#### Task instructions
Word for word, transcribe every line from the one holding "能赚钱的游戏一天赚100元的游戏支付宝提现 （赚钱一天100元游戏提现到支付宝 ）" through the end of the records, but not the pictures.

#### Material shown
========
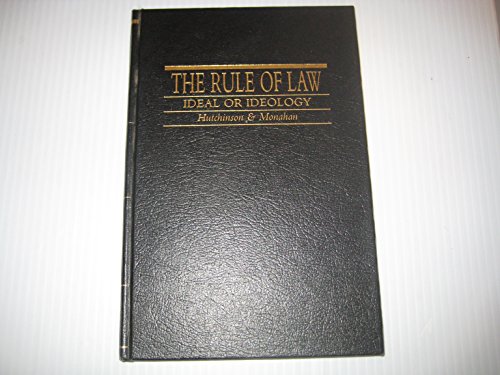 Stock image for The Rule of Law: Ideal or Ideology for sale by Edmonton Book Store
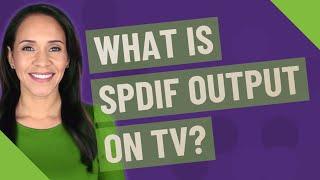 What is Spdif output on TV?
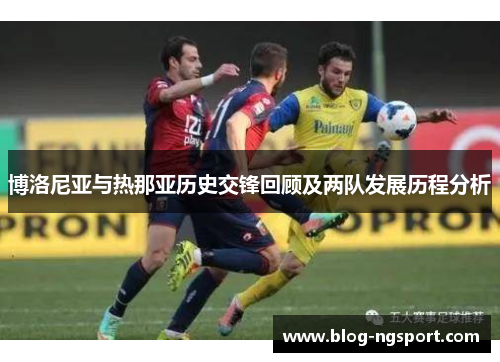博洛尼亚与热那亚历史交锋回顾及两队发展历程分析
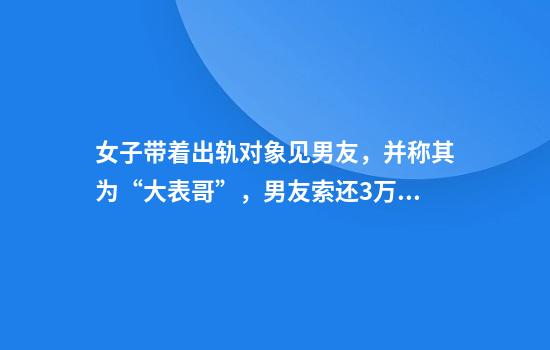 女子带着出轨对象见男友，并称其为“大表哥”，男友索还3万元
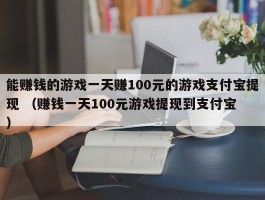 能赚钱的游戏一天赚100元的游戏支付宝提现 （赚钱一天100元游戏提现到支付宝 ）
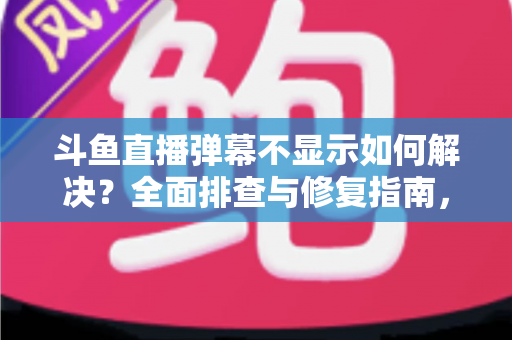 斗鱼直播弹幕不显示如何解决?全面排查与修复指南,快速找回您的弹幕互动体验 斗鱼直播弹幕不显示如何解决?全面排查与修复指南,快速找回您的弹幕互动体验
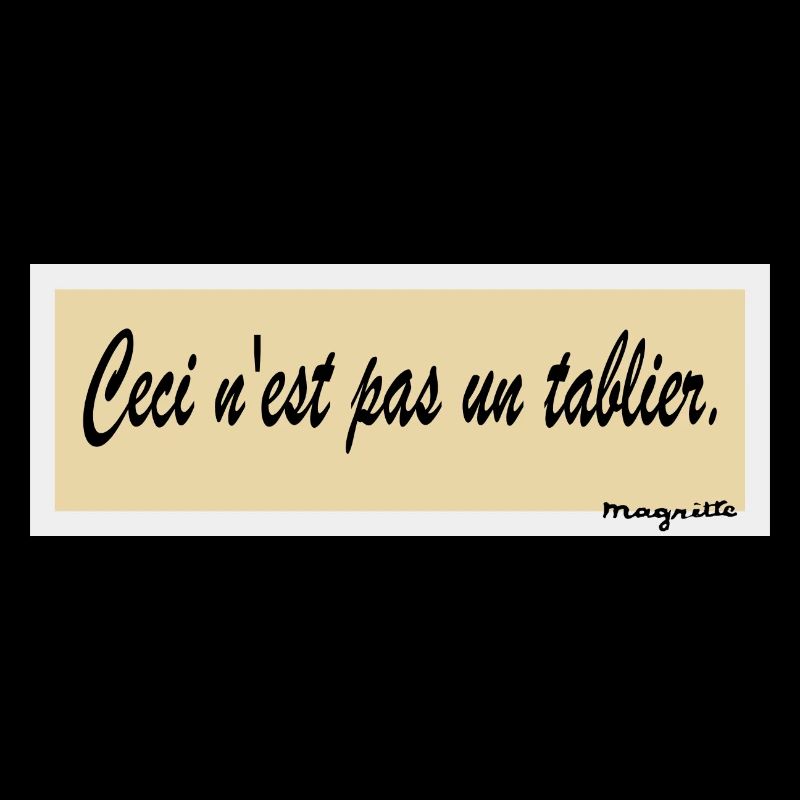 CECI N'EST PAS UN TABLIER. © (design protégé)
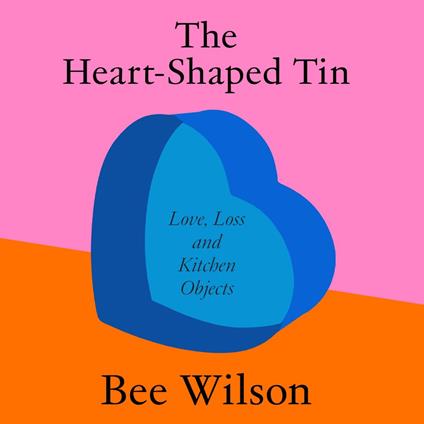 The Heart-Shaped Tin: Love, Loss and Kitchen Objects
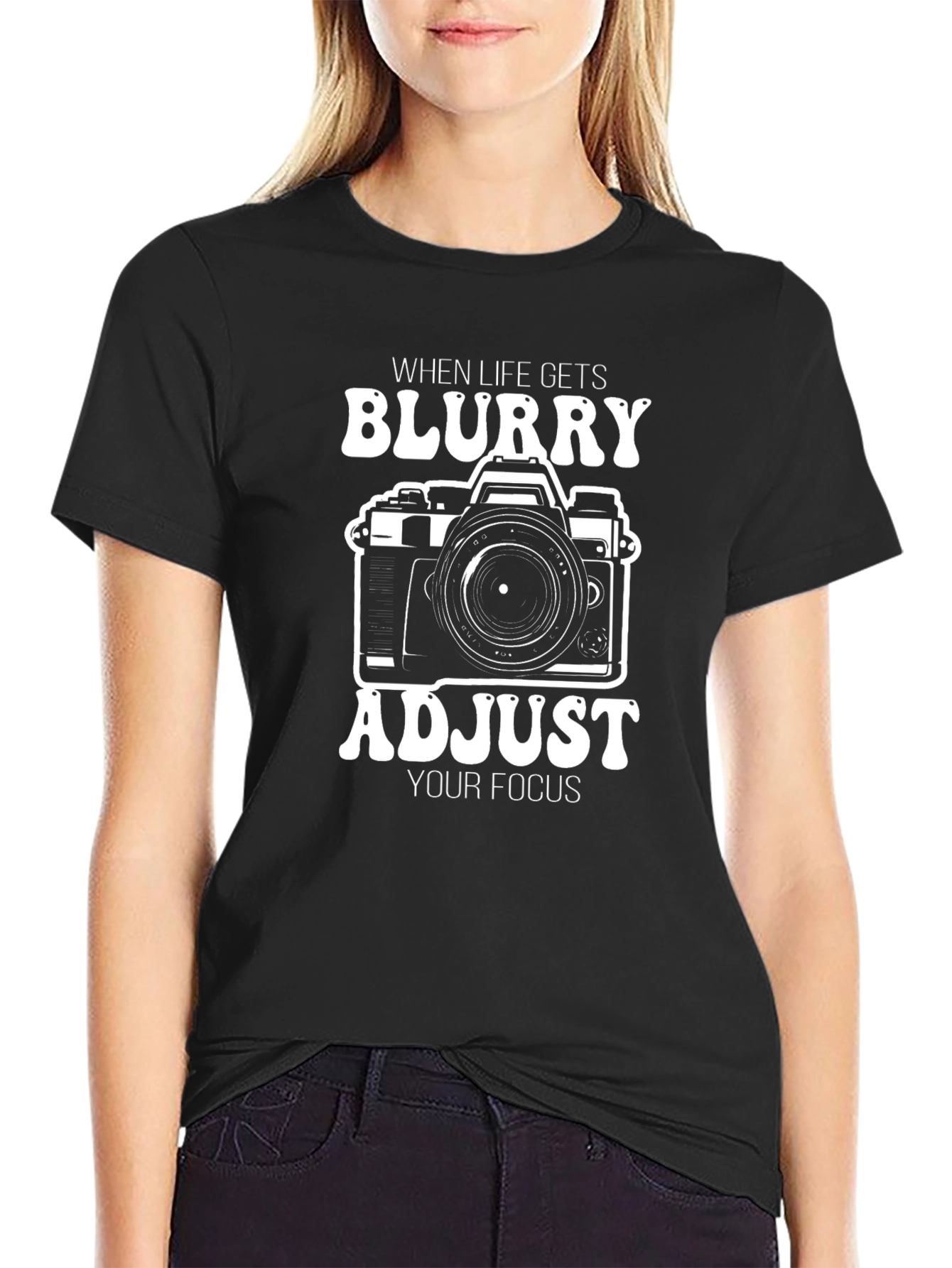 When Life Gets Blurry T-Shirt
========
#### Problem solution
 能赚钱的游戏一天赚100元的游戏支付宝提现 （赚钱一天100元游戏提现到支付宝 ）
 斗鱼直播弹幕不显示如何解决?全面排查与修复指南,快速找回您的弹幕互动体验 斗鱼直播弹幕不显示如何解决?全面排查与修复指南,快速找回您的弹幕互动体验
 CECI N'EST PAS UN TABLIER. © (design protégé)
 The Heart-Shaped Tin: Love, Loss and Kitchen Objects
 When Life Gets Blurry T-Shirt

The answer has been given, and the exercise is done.